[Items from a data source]
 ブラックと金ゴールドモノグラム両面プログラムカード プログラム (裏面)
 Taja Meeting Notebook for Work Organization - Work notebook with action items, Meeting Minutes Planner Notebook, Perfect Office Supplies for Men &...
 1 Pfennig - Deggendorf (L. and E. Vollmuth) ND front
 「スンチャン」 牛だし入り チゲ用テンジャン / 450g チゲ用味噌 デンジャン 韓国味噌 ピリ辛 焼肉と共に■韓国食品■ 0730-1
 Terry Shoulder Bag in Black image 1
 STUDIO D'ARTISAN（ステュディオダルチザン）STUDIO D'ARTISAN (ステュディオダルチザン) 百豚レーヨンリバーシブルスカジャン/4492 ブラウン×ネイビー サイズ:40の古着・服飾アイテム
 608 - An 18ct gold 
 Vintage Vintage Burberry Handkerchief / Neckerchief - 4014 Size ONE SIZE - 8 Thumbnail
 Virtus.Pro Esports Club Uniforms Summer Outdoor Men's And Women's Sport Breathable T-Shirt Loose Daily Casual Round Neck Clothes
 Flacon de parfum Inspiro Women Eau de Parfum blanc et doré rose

[The problem] Copy out every line of the data that includes "Women".

[Answer space]
 Virtus.Pro Esports Club Uniforms Summer Outdoor Men's And Women's Sport Breathable T-Shirt Loose Daily Casual Round Neck Clothes
 Flacon de parfum Inspiro Women Eau de Parfum blanc et doré rose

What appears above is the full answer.